Drivers in achieving universal access to higher education
The increase in access to HE in the past 20 years is a result of many factors, including a set of driving forces including: economic development, rise in middle-class aspirations, growth of private institutions, and growth of distance education institutions.
Economic development
The growth of participation in HE is often represented as a function of the economic need for more skills and higher productivity in the markets for human capital (4). There is a well-established relationship between gross domestic product (GDP) growth and tertiary education enrolments. This relationship is particularly strong for emerging economies with GDP per capita less than US$10,000, where a small increase in the GDP contributes to a significant rise in the enrollment rate. In practice, this is likely to reflect rising household incomes, greater wealth, growing middle classes, demand from parents to provide their children with tertiary education, and a higher gradient of skills demand from structurally changing economies. It may also reflect an increased fiscal capacity of governments to fund and expand tertiary education access (5). The high growth rates experienced in South Asia may be why the GER of the region is expanding at a fast pace.

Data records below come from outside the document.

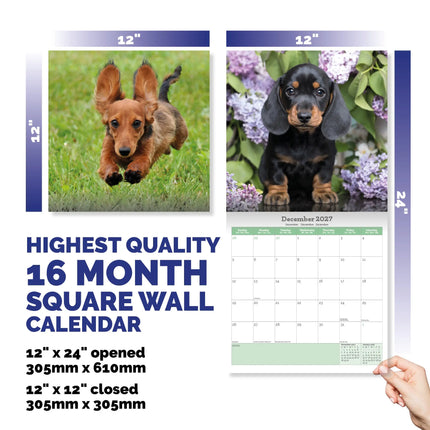 Baker & Bray Teckel Kalender 2027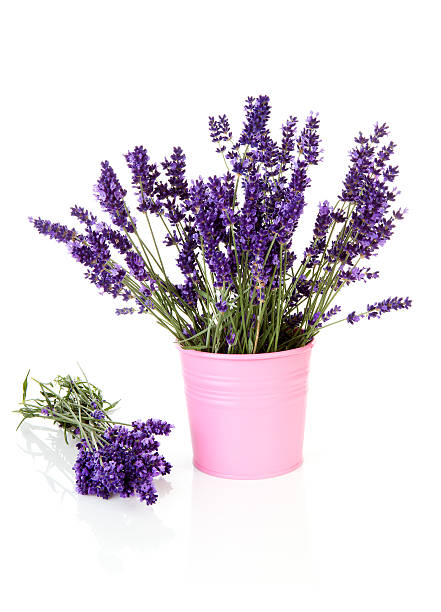 istock Bouquet lavender in pot 135045475
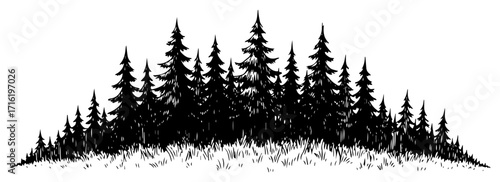 Hand Drawn Pine Forest in a Vintage Engraving Style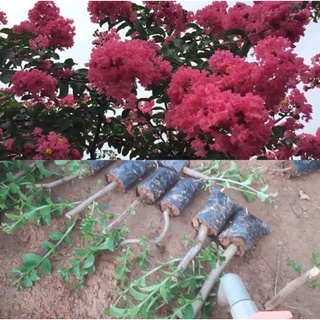 Combo 20 cây hoa tường vi giống mầu hồng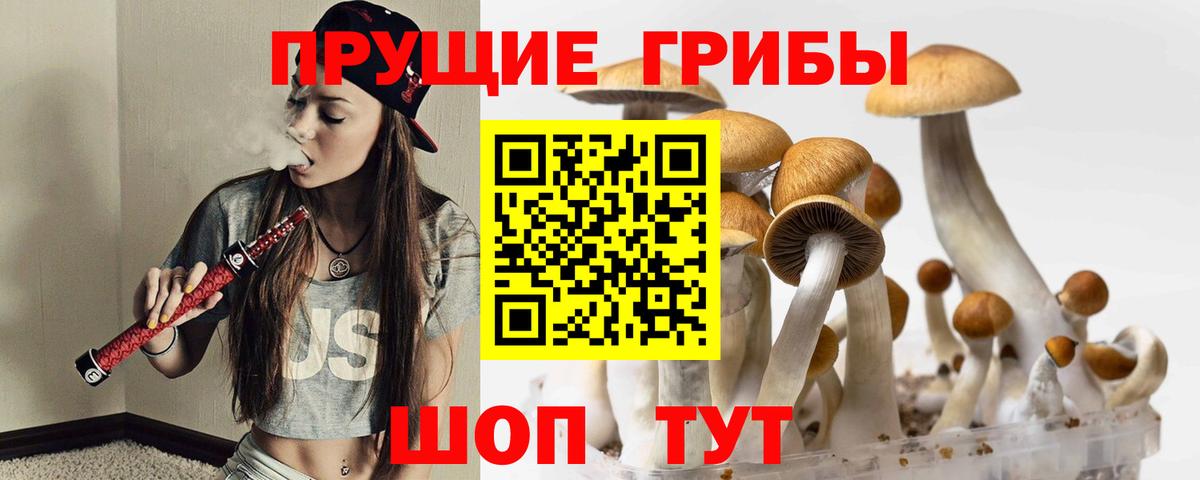 Галлюциногенные грибы MAGIC MUSHROOMS Вышний Волочёк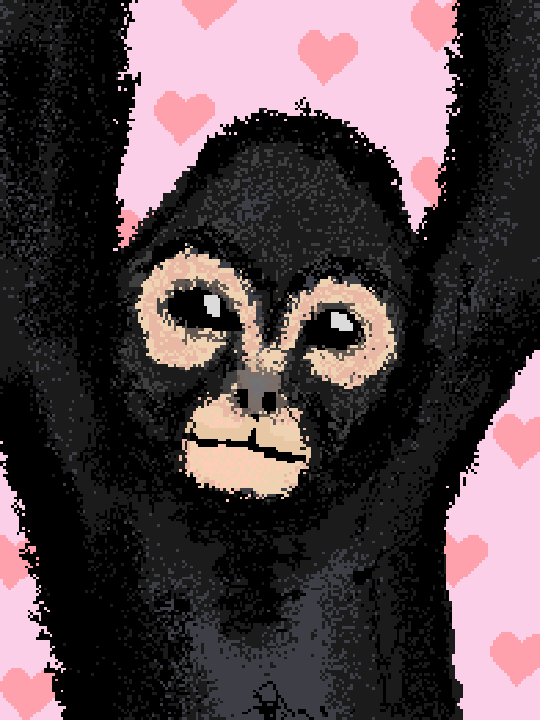 macaco aranha 🕷️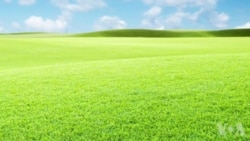 住房新风尚 住房新风尚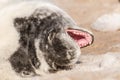 A new born white grey seal baby relaxing at the beach, Ventpils, Latvia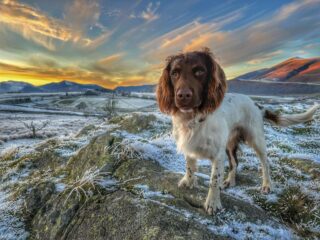 Max The Miracle Dog verovert Britse harten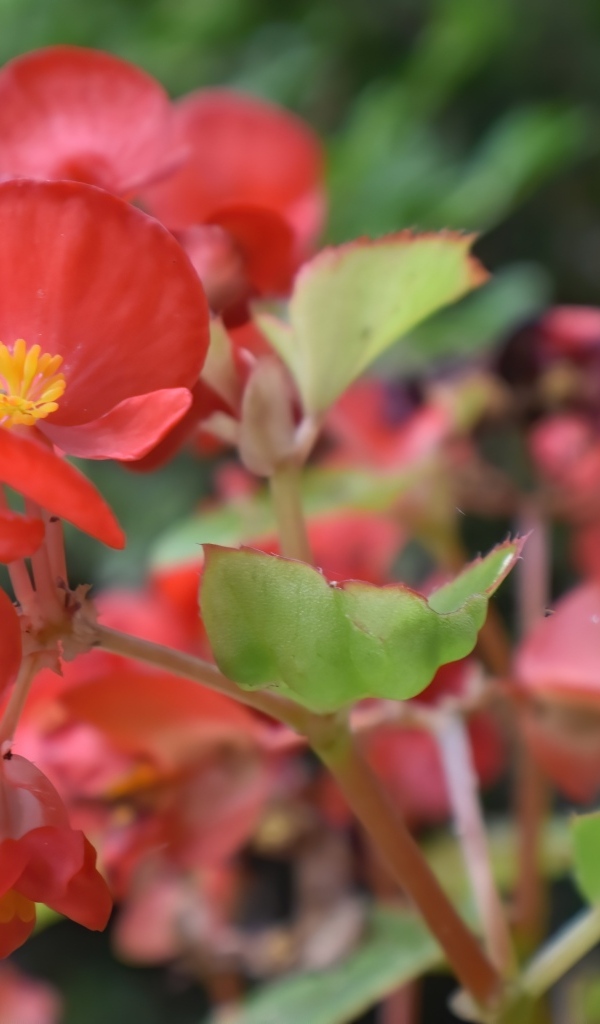 Красные цветы бегонии с зелеными листьями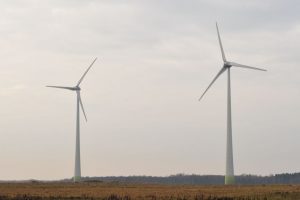 Kelmės rajone sugadintas elektros kabelis vėjo jėgainėms: žala – 100 tūkst. eurų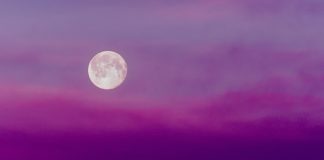 Luna Roz din aprilie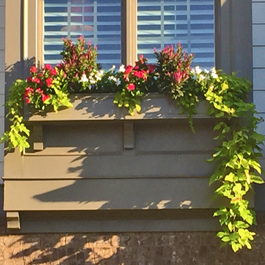 beautiful window box with trailing sweet potato vines and flowers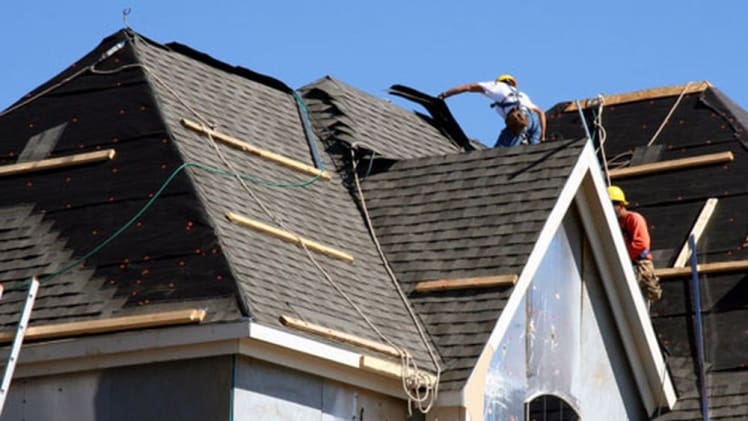 Unwanted Roof Growths –Types, Causes, And Ways To Deal With Them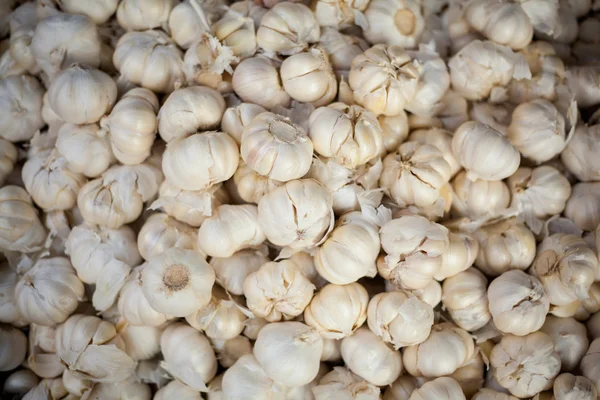 Fresh garlic on market — Stock Photo, Image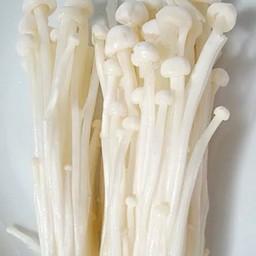 เห็ดเข็มทอง 50 กรัม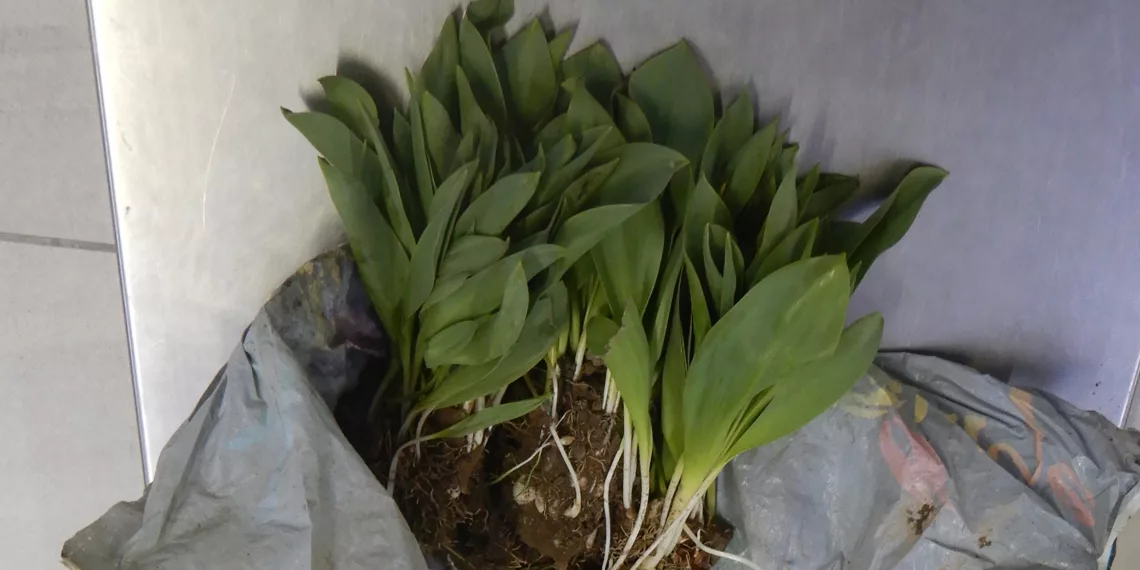 В Толмачево у пассажира из Узбекистана изъяли около 1 кг семян тюльпана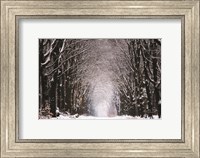 Winter Tunnel Fine Art Print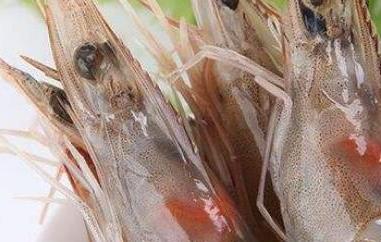 对虾和基围虾的区别（对虾和基围虾的区别知乎）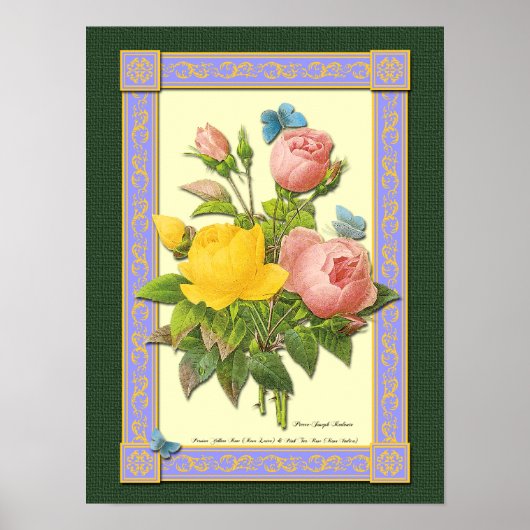 Roze en gele botanische Rozen Poster (Voorkant)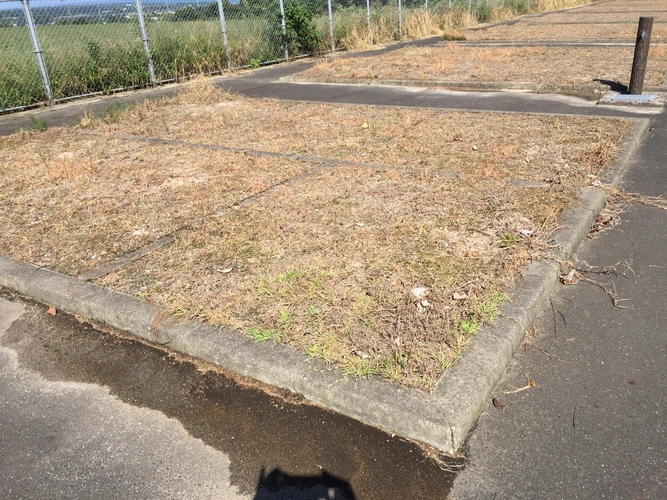 琴浦町営 きらり墓地 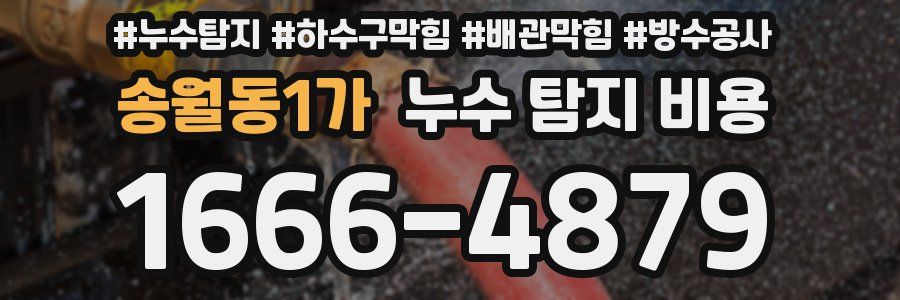 송월동1가 누수 탐지 비용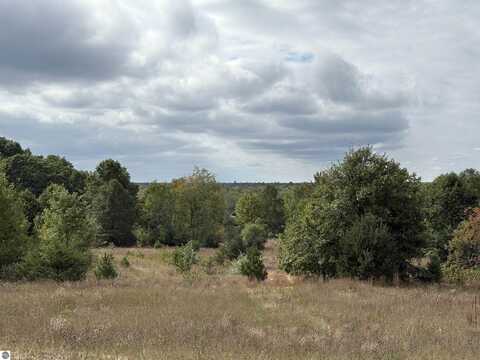 7267 S Snyder Road, Fife Lake, MI 49633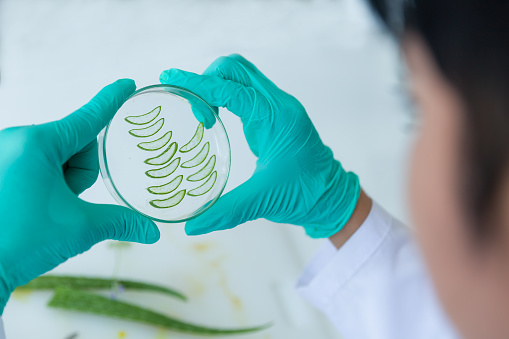 Asian male scientists holding a pane with tests of plants in the laboratory. Scientific experiment. Medical, Lab, Scientific experiment, Researcher, Research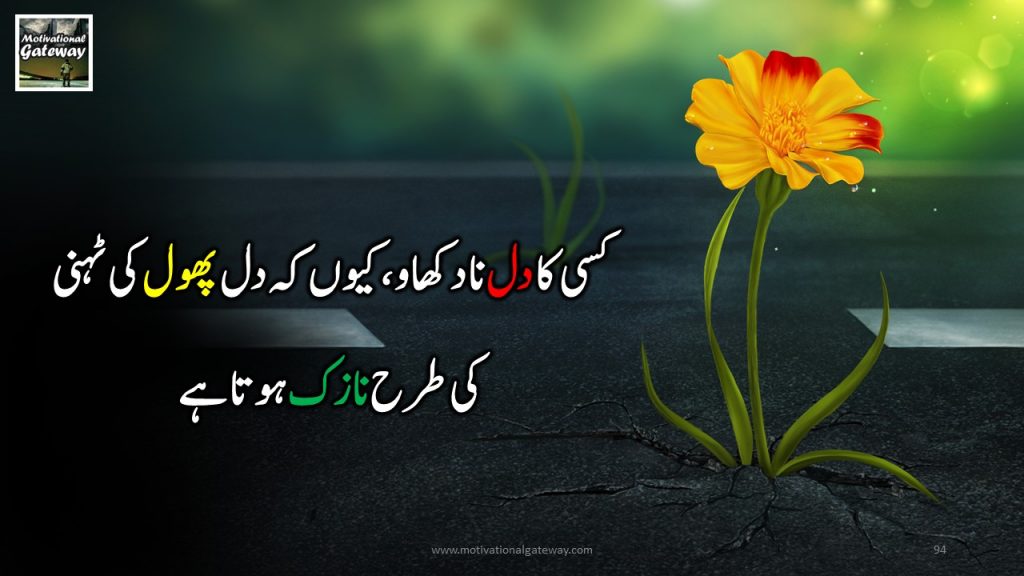 20 Heart touching quotes in urdu!! dil aur phoul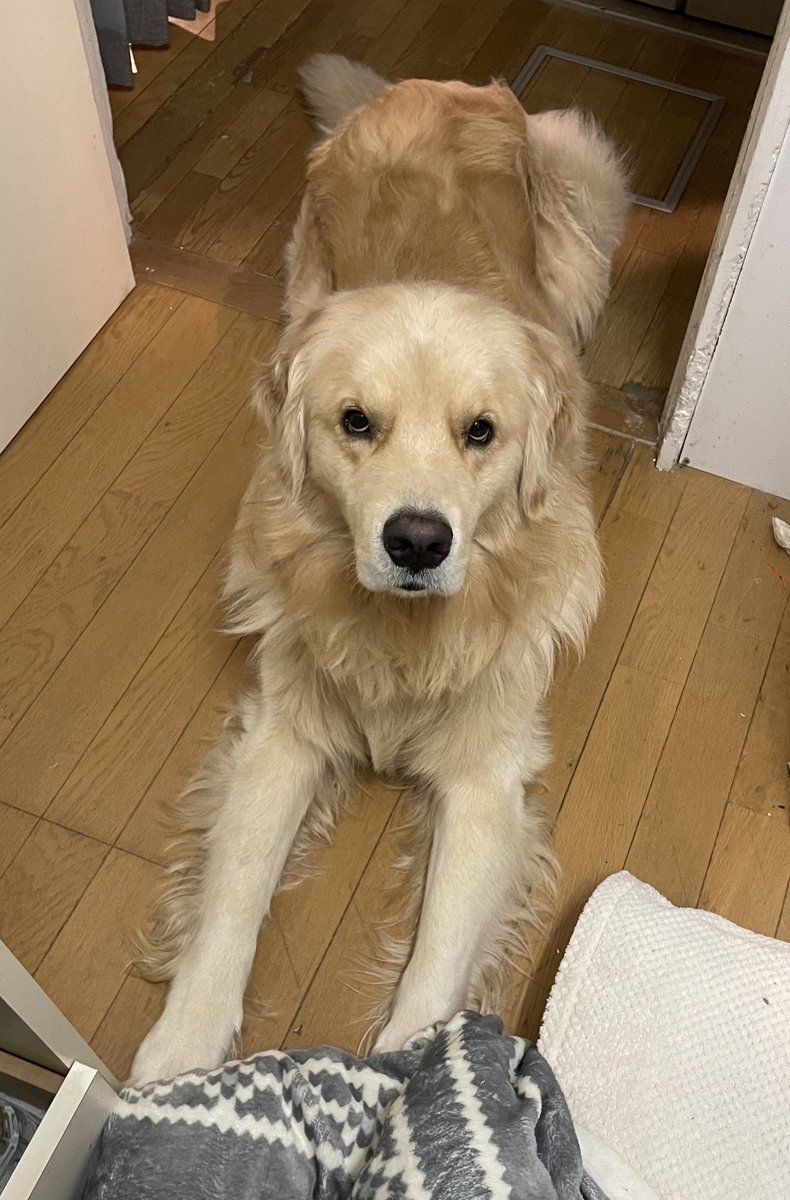 奴才：我肯定不會忘記噠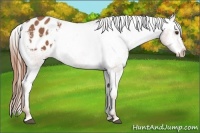 Horse Color:Chestnut Sabino Appaloosa 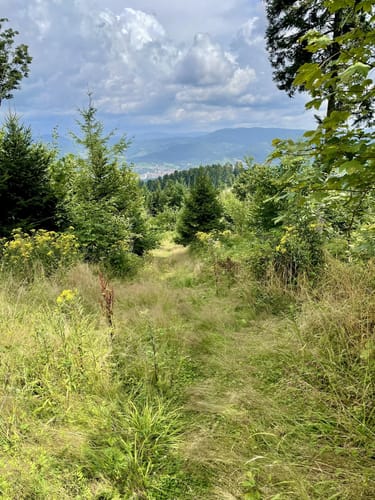 Bermersbach Runde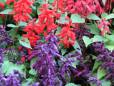 Cubbon Park flowers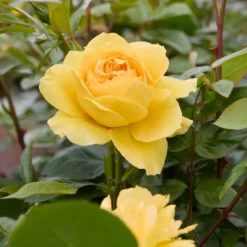 Inselrose Bahama ® Intercomham - Sonnengelb den ganzen Sommer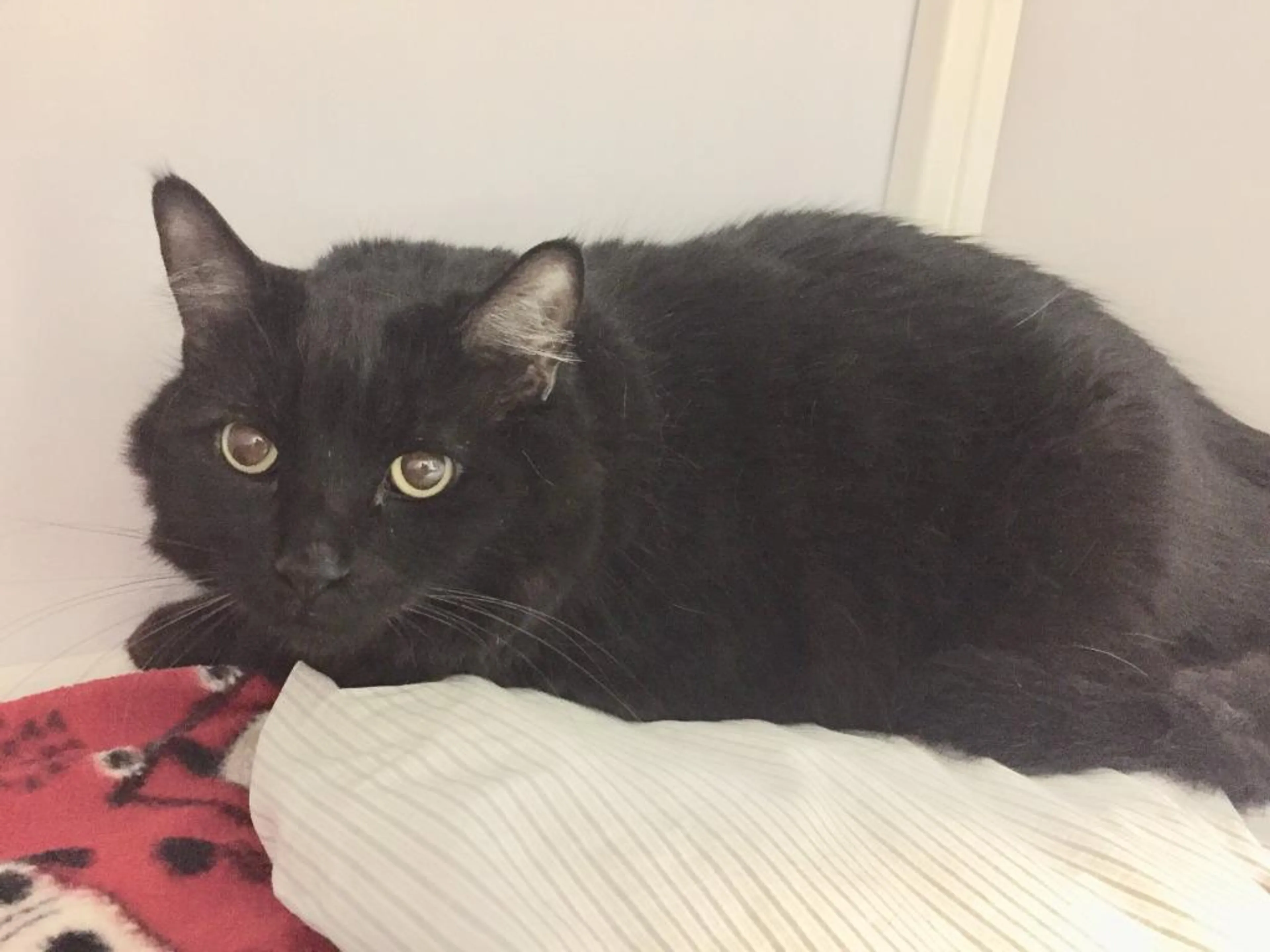 Found pet-0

Rise in middle-class aspirations
The expansion of HE is powered by economic growth, by the ambitions of families to advance or maintain social position and of students for self-realization. In contemporary societies, those desires, particularly the hopes of parents for children, have become primarily focused on formal education, which is seen as the privileged pathway to professional work. Over time, the social demand for HE accumulates and HE provision becomes large, growing and increasingly ubiquitous. Thus, universal desires for social betterment are articulated through HE systems that are themselves expanding. Middle-income countries with rapid growth rates in higher education have a few things in common. Along with a growing pool of eligible students, they have a growing middle class with higher occupational aspirations and a regulatory environment that is becoming more stable. They provide funding for educational infrastructure and for salaries and development of teachers, staff and administrators (4).
Growth of private institutions
HEI are diversifying alongside their student bodies. Private institutions in particular have grown in number, size, specialization, and mission. New kinds of private providers have emerged, which include transnational provision in the form of international branch campuses and international online providers (6). These are creating more places in the HE systems while many governments reduce their direct funding role in HE. Private enrolments have been growing steadily: they now account for 30% of all global enrolments (7). In Latin America and the Caribbean, private enrolments account for 49% of the total. In Brazil, Costa Rica, El Salvador, Honduras, Nicaragua, and Peru, more than 60% of students in 2015 were enrolled in private institutions, along with more than 80% of students in Chile and Paraguay. In Asia, private enrolments make up 36% on average, where countries such as Indonesia, Malaysia, and Thailand are experiencing the same trend. It is important to note, nevertheless, that there are doubts regarding the quality of private HEI worldwide. While they have contributed significantly to the expansion of HE in all regions, granting access to tertiary education to many students, this sometimes happened at the cost of quality. Moreover, in many countries, for instance those in the Latin America and the Caribbean region, middle and upper classes are the ones benefitting from quality education provided in public institutions, while low-income students are more often granted access to private institutions with lower quality provision (7).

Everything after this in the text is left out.